----- Provided information -----
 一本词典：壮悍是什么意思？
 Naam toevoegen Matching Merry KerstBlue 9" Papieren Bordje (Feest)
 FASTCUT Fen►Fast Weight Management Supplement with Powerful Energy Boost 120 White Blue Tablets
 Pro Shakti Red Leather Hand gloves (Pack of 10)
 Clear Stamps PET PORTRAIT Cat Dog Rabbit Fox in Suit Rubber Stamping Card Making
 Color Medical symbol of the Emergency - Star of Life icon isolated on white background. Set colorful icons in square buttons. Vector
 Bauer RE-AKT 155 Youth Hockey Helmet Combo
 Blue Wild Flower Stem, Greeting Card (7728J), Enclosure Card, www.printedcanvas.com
-----
----- Provided information -----
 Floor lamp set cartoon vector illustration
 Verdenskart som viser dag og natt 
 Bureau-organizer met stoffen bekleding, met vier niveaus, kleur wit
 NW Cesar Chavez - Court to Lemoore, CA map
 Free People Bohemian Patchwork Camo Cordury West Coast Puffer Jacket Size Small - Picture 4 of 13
-----
Scan the entries above for the line containing "Naam toevoegen Matching", and copy it and all lines after it exactly, down to and including the line containing "Pro Shakti Red".

 Naam toevoegen Matching Merry KerstBlue 9" Papieren Bordje (Feest)
 FASTCUT Fen►Fast Weight Management Supplement with Powerful Energy Boost 120 White Blue Tablets
 Pro Shakti Red Leather Hand gloves (Pack of 10)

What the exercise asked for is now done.